About this exercise: Without copying any pictures, restate exactly the lines from the start of the records through the line containing "Rear air control".

[Saved entries]
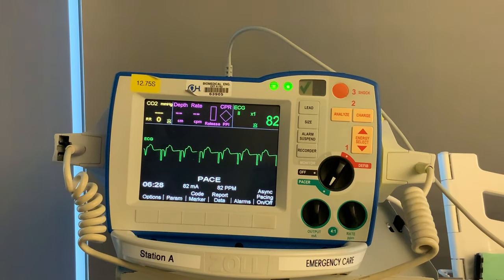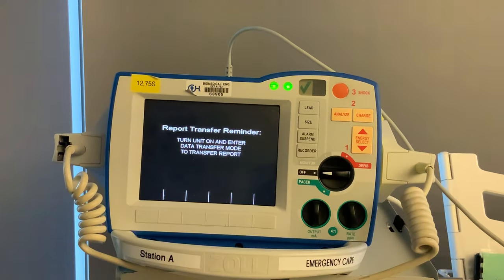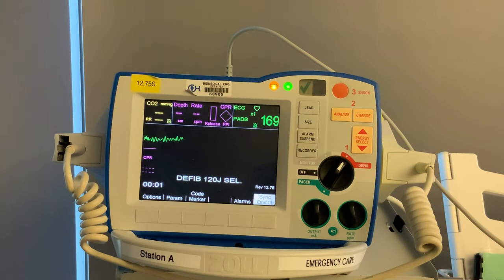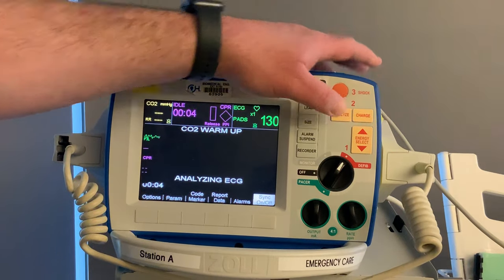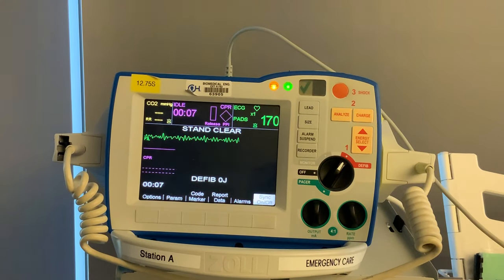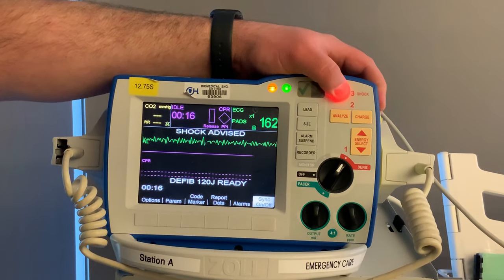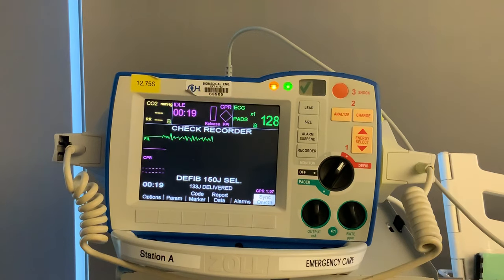Those are the basic functions of the Zoll R Series defibrillator. One other thing to show you is the analyze button. If a patient goes down and you don't have a frontline provider there, you can use this defibrillator as an AED. Turn it all the way over to defibrillator mode and hit that analyze button. It's going to analyze the rhythm. If it's a shockable rhythm, it will charge up, and then you have to hit the shock button — I'm clear, you're clear, oxygen clear — and shock the patient. It will then tell you the next steps.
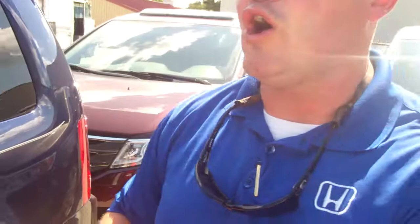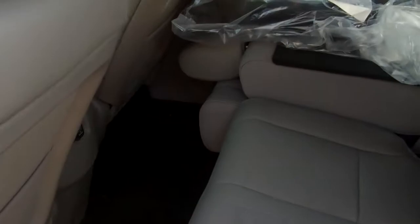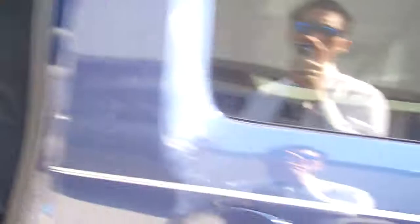Rear air control is back here. The third row is seating, and the second row is adjustable — you can flip it up and slide it forward to give you plenty of room. The third row also lays down flat for additional storage. It's a 60-40 split seat, with additional storage space here as well.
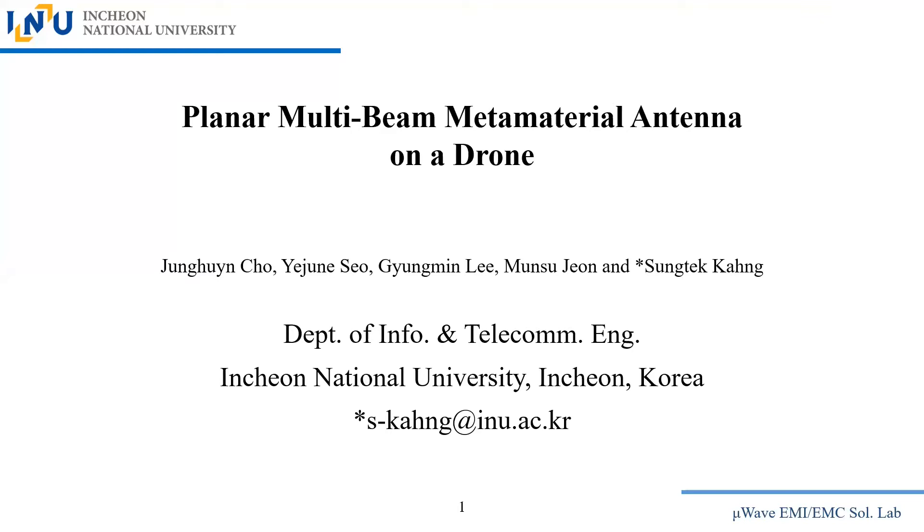This talk is part of a series focused on multi-beam or switchable beam antenna systems, which will be employed by satellites, aircraft, or other applications. 5G handheld devices might also include the type of antennas we are going to propose. This talk is entitled 'Planar Multi-Beam Metamaterial Antenna on a Drone' — the connection of a metamaterial antenna with improvements from other metamaterial work, connected to a drone system.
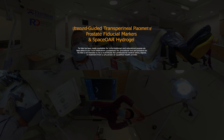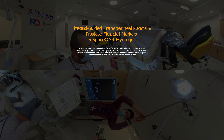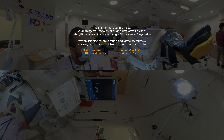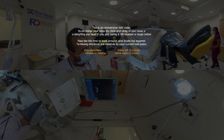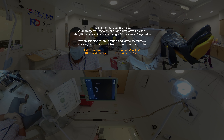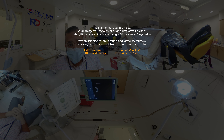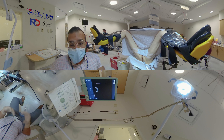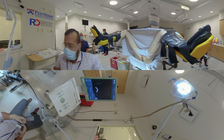Hello, my name is Dr. Neil Tonk. I'm an assistant professor of radiation oncology at the Perelman School of Medicine at the University of Pennsylvania. What we'll be doing today is transperineal placement of prostate fiducial markers, as well as implantation of a rectal SpaceOAR hydrogel for intact prostate radiotherapy. We will walk you through the procedure from start to finish.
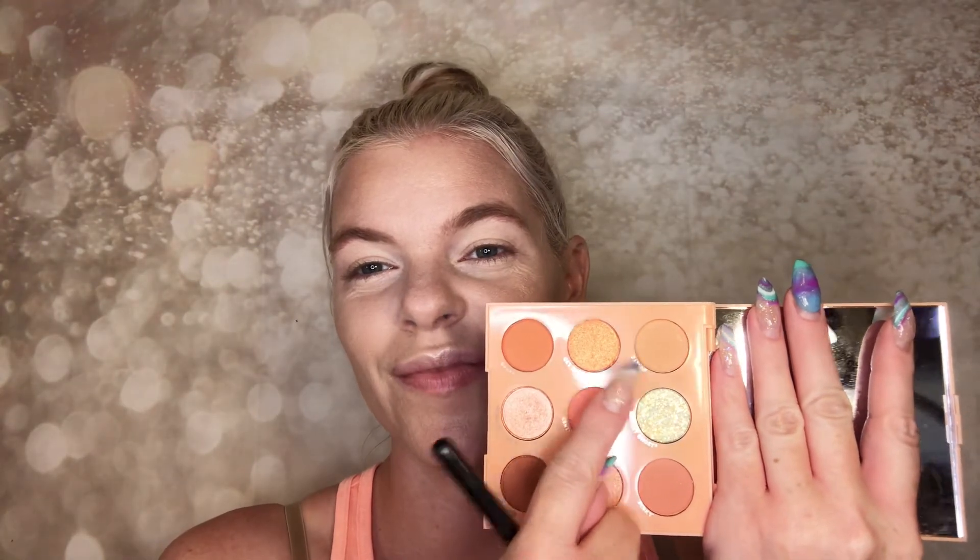Going in with the Color Pop Baby Got Peach palette, because it's all about the summer peach vibes today. Using the lightest shade in the top row and throwing that into the crease of my eye as my transition shade with a Sigma fluffy brush. I'm not doing anything sharp on the edges — no tape or anything — just literally throwing it in the crease.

Task solution:
Those are the basic functions of the Zoll R Series defibrillator. One other thing to show you is the analyze button. If a patient goes down and you don't have a frontline provider there, you can use this defibrillator as an AED. Turn it all the way over to defibrillator mode and hit that analyze button. It's going to analyze the rhythm. If it's a shockable rhythm, it will charge up, and then you have to hit the shock button — I'm clear, you're clear, oxygen clear — and shock the patient. It will then tell you the next steps.
Rear air control is back here. The third row is seating, and the second row is adjustable — you can flip it up and slide it forward to give you plenty of room. The third row also lays down flat for additional storage. It's a 60-40 split seat, with additional storage space here as well.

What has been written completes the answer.